I recently read Tom Johnson’s post in response to an English and technical writing undergraduate major considering either law school or a pursuing more education in technical communication. Rather than post a comment, I thought I’d write a post on my blog as a trackback. Isn’t that what blogs are for, after all?

As a response to the original email Tom quoted, I’d offer the obvious – that deciding whether to get a masters or other advanced degree in technical writing is not an easy decision. I have interviewed two different people who took that path, and their interviews might be helpful to those who want to make a decision:

A recent graduate talks about her experiences getting a masters degree in technical communication

Should I get a graduate degree in technical writing? Interviews with those who have

A master’s degree worked well for me when I was a 22-year-old with a BS in Chemistry in hand. The summer prior to my senior year, I had completed a 3-month job as an analytical lab technician. When I found myself more interested in reading the manuals for the spectrophotometer than running tests for eight hours on second shift, I found out more about technical writing graduate programs. Miami University’s Masters of Technical and Scientific Communication degree program turned out to be the best combination of the practical, technical, and theoretical skills you’d need to transition from any undergraduate degree to technical communication.

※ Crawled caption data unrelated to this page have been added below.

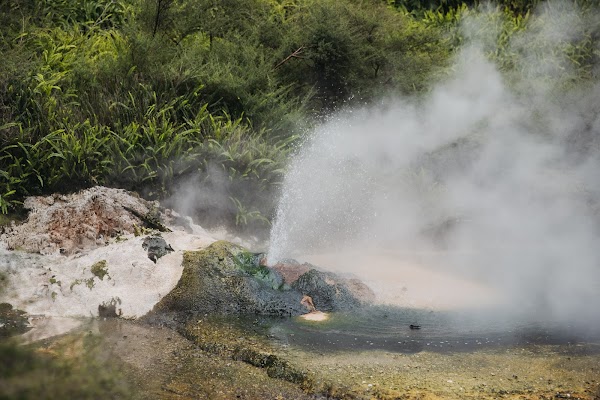 Waimangu Volcanic Valley 3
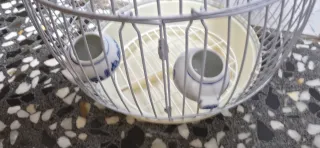 Jaula Redonda Beige y Blanca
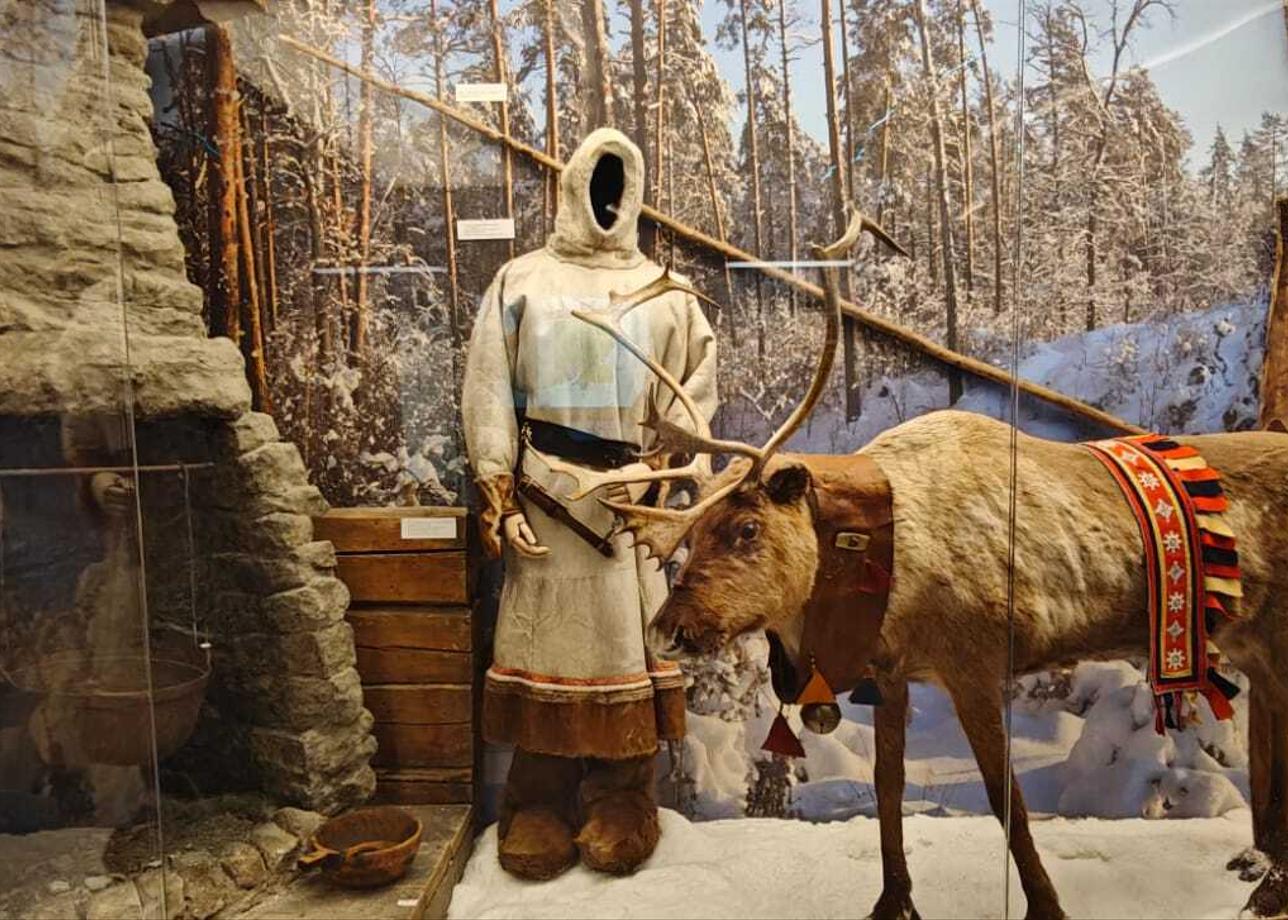 Всё было очень здорово! Это полный восторг! Организация, атмосфера, очень насыщенная программа! Видели морских животных тюленей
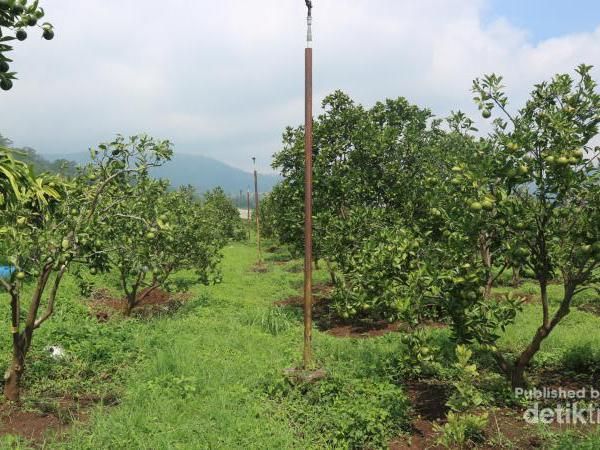 Foto: Seru Sekali Petik Buah Langsung di Kebunnya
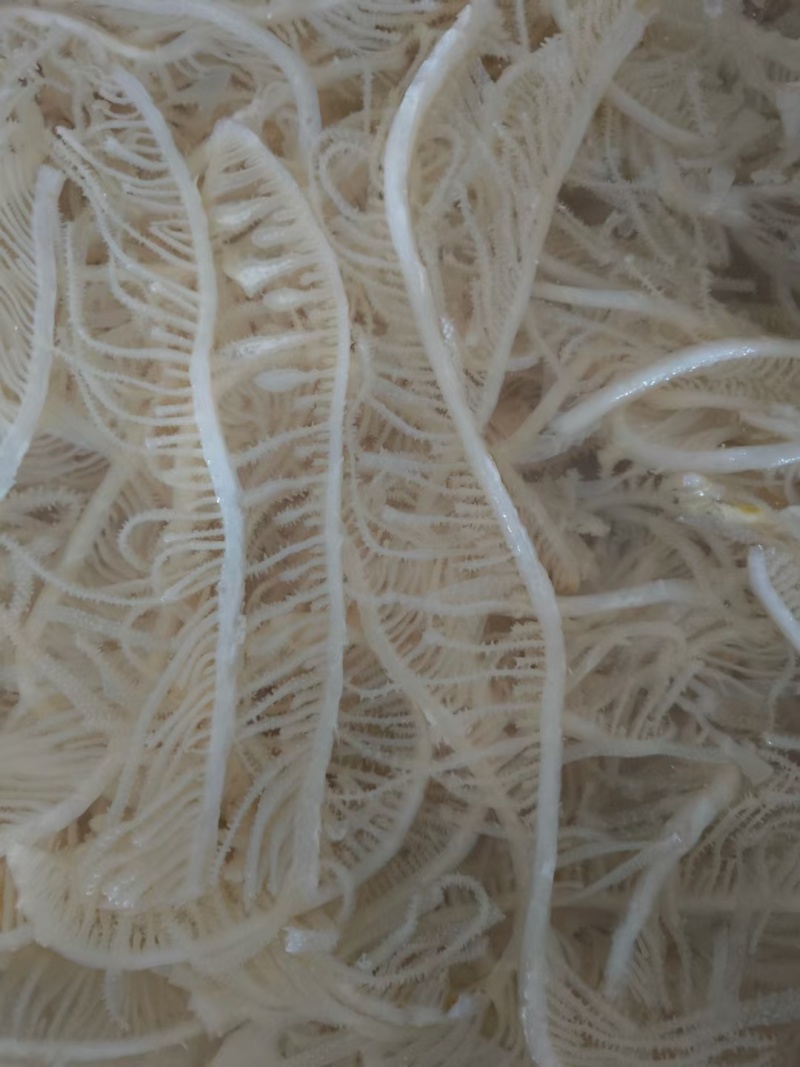 白千层重庆工厂直发火锅佳选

Whenever I bring up this topic at lunchtime discussion or on email lists, the classic argument surfaces – learn by doing, or learn by being taught? I don’t take a side in that argument – I can offer examples of success either way. The pathways to a technical communicator job are winding and varied. You can learn a lot about choosing your path by talking to those who have gotten there in many different ways.

3 Comments

  • Cat
    November 26, 2008 - 11:32 pm | Permalink

    I think getting a masters when you already have a similar undergrad is like putting all your eggs in one basket. I’m feeling like the future for American tech writers is gloomy with off shoring growing more all the time. She’d be smart to have a plan B.

    (Seriously, I’m not always this glum.)

  • November 28, 2008 - 9:06 pm | Permalink

    Yep, I’d agree with that sentiment as well – why go with a graduate program if your undergrad degree is in technical communication already? Then again, graduate studies should probably be something you want to pursue in more depth, though, so if you had some incredible research idea I wouldn’t stop you. :) I’m a terrible help for deciding anything life-changing since I see a pathway from here to there no matter what the here is or the there is. :)

  • September 15, 2011 - 8:33 am | Permalink

    Well, here’s a couple of reasons I can think of: if you are interested in shifting your career focus more toward leadership, graduate credentialing can certainly help establish your credibility. You are going to find that many graduate programs will include coursework in communications project management or process management. It may seem a bit cliched to say it, but I think there’s a good argument to be made that bachelors level degree focus more on production-related issues, whereas a strong graduate program should blend some production oriented courses with a curriculum that develops higher-level management & development skills.

    Second reason: there needs to be a stronger connection between our profession and our academic field. The point of meaningful contact, I believe, is applied research. I would love to see more graduate programs in technical communication (and information design and instructional design and…and…) working with industry to build those bridges. Having practitioners in the field who have that advanced degree, and who can deploy meaningful and effective applied research, will perhaps counteract the “gloomy future” for tech writers limited to production-level jobs.